Taking Responsibility for Failure

Steve Jobs was a great entrepreneur who made a huge impact on society. He changed human communication globally and ushered in a new technological wave. People often refer to his reality distortion field (RDF) when describing his work style and discussing why he was able to achieve such great success. Steve had vision and translated it into successful products. He did what most entrepreneurs aim to do, but at a larger-than-life level.

Entrepreneurs are innovators. Part of innovating is figuring out how to make the impossible possible and convincing others to believe. In some instances it works out. In others it doesn’t. When it works out it’s joyous and amazing. When it doesn’t, it can be crushing, and this is when  it’s more important than ever for entrepreneurs to step up. The team needs it.

I’m not Steve Jobs, but I’ve had my RDF moments. I had a vision for my company, but there were huge obstacles. I convinced our team we could figure out how to push through them. I give them credit for believing and supporting me. Unfortunately, some of those obstacles were insurmountable and we failed. I failed because I underestimated the challenge.

Acknowledging these failures and taking ownership as the leader were some of my biggest learning moments. It was painful and something I hated doing, but I did it anyway. I didn’t realize it at the time, but this was invaluable. By acknowledging my shortcomings, I showed the team that it was OK to not be right all the time. I noticed that when I opened up about what I missed or got wrong, others chimed in with what they’d learned from the experience. It started a reflective team conversation. I view reflection as critical to gaining wisdom.
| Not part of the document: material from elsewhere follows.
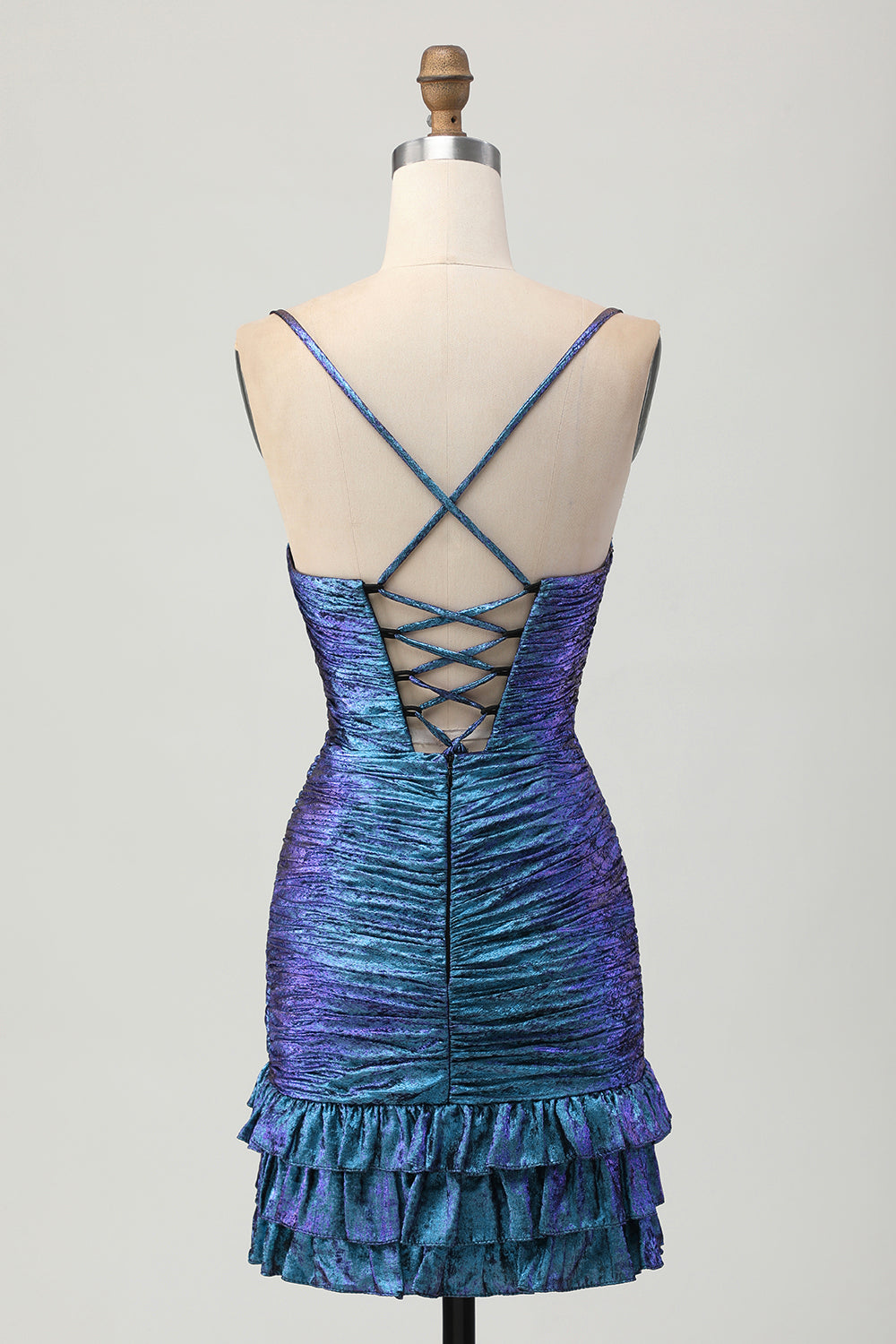 Dark Blue Bodycon Ruched Cut-Out Homecoming Dress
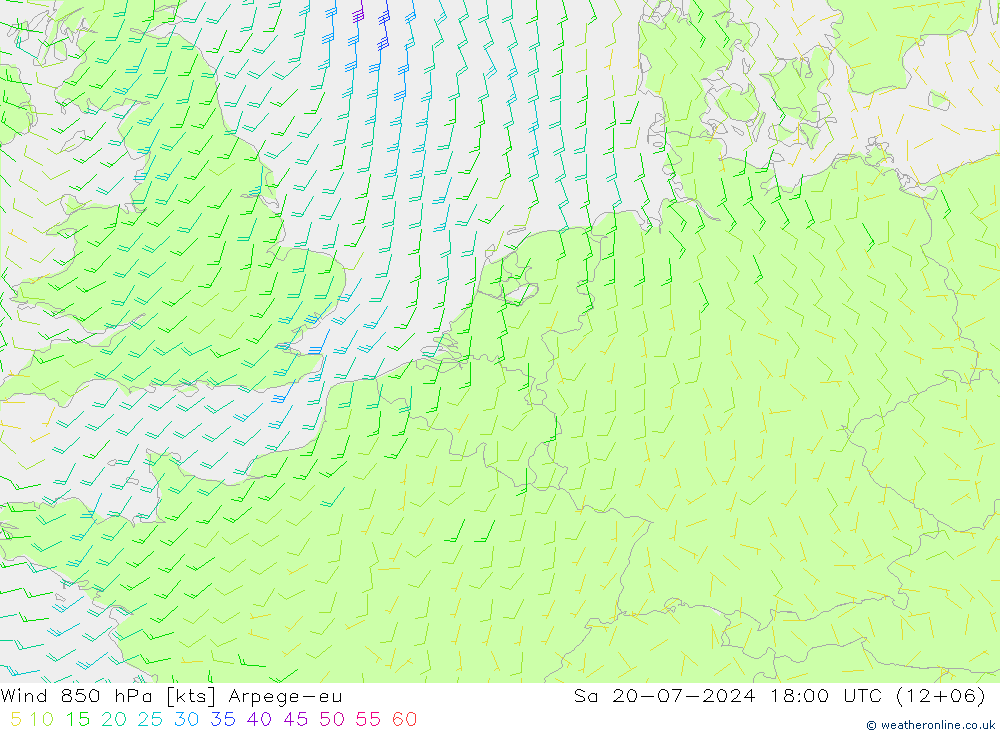 Wind 850 hPa Arpege-eu za 20.07.2024 18 UTC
I also apologized for my shortcomings. My team put so much into these efforts that it was devastating when they didn’t pan out. The apology acknowledged their efforts but also helped us move past the experience as a team. Apologies are simple, but they can be powerful. They can quickly remove the tension from situations.

If you’re working with others on something and it doesn’t go well, consider acknowledging your part in the failure. It’s likely to be painful but also an amazing growth and bonding opportunity!